Short Description

NGS genetic DNA test detecets for variant and mutation detection in MTM1 gene for Myotubular myopathy X-linked

PreTest Information

Clinical History of Patient who is going for MTM1 Gene Myotubular myopathy X-linked NGS Genetic DNA Test A Genetic Counselling session to draw a pedigree chart of family members affected with MTM1 Gene Myotubular myopathy X-linked

Detail Description

MTM1 Gene Myotubular Myopathy X-linked NGS Genetic DNA Test Cost INR: 20000 Symptoms Diagnosis

Introduction:

Myotubular myopathy is a rare genetic disorder that affects the muscles, causing them to weaken and waste away. It is caused by mutations in the MTM1 gene, which provides instructions for making a protein that is essential for the normal development and function of muscle cells. Myotubular myopathy is X-linked, which means that it primarily affects males. Females can also be carriers of the condition, but they typically do not experience symptoms.

Symptoms:

The symptoms of myotubular myopathy can vary widely depending on the severity of the condition. Some infants with the disorder may have difficulty breathing and feeding, while others may have weak muscle tone and delayed motor development. Common symptoms of myotubular myopathy include:

• Weakness in the muscles of the face and throat, which can cause difficulty swallowing and breathing
• Difficulty moving the arms and legs
• Delayed motor development
• Abnormal curvature of the spine (scoliosis)
• Weakness in the muscles of the chest and diaphragm, which can cause respiratory failure

Diagnosis:

Myotubular myopathy is usually diagnosed through a combination of physical examination, medical history, and genetic testing. A muscle biopsy may also be performed to examine the structure of the muscle cells. Genetic testing is the most reliable way to diagnose myotubular myopathy. This involves testing a sample of DNA to look for mutations in the MTM1 gene. Next-generation sequencing (NGS) is a type of genetic testing that can quickly and accurately identify mutations in multiple genes at once.

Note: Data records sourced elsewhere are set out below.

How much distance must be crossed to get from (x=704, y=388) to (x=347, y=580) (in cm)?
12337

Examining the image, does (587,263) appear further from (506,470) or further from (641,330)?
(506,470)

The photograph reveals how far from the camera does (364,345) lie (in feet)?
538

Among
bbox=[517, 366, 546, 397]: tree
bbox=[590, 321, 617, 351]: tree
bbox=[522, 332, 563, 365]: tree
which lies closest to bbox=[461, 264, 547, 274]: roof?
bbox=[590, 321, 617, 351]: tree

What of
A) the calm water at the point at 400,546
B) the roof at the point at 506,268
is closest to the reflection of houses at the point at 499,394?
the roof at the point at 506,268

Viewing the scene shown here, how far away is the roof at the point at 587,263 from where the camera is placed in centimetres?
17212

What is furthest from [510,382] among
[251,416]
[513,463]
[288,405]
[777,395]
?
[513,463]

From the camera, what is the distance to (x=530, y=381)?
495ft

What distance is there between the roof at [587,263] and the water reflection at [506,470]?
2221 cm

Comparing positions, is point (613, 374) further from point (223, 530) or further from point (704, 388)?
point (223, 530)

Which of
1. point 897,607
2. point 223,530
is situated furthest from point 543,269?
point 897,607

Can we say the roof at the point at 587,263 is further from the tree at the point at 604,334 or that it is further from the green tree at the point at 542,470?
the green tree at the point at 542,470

MTM1 Gene Myotubular Myopathy X-linked NGS Genetic DNA Test:

The MTM1 gene myotubular myopathy X-linked NGS genetic DNA test is a diagnostic test that uses next-generation sequencing to identify mutations in the MTM1 gene. The test is performed on a blood or saliva sample, which is sent to a laboratory for analysis. The cost of the test is INR 20,000.

Conclusion:

Myotubular myopathy is a rare genetic disorder that primarily affects males. It is caused by mutations in the MTM1 gene, which provides instructions for making a protein that is essential for the normal development and function of muscle cells. Symptoms of myotubular myopathy can vary widely depending on the severity of the condition, but common symptoms include weak muscle tone, delayed motor development, and difficulty breathing and swallowing. Diagnosis is usually done through genetic testing, and the MTM1 gene myotubular myopathy X-linked NGS genetic DNA test is a reliable diagnostic tool. If you suspect that you or someone you know may have myotubular myopathy, it is important to speak with a healthcare professional for proper diagnosis and treatment.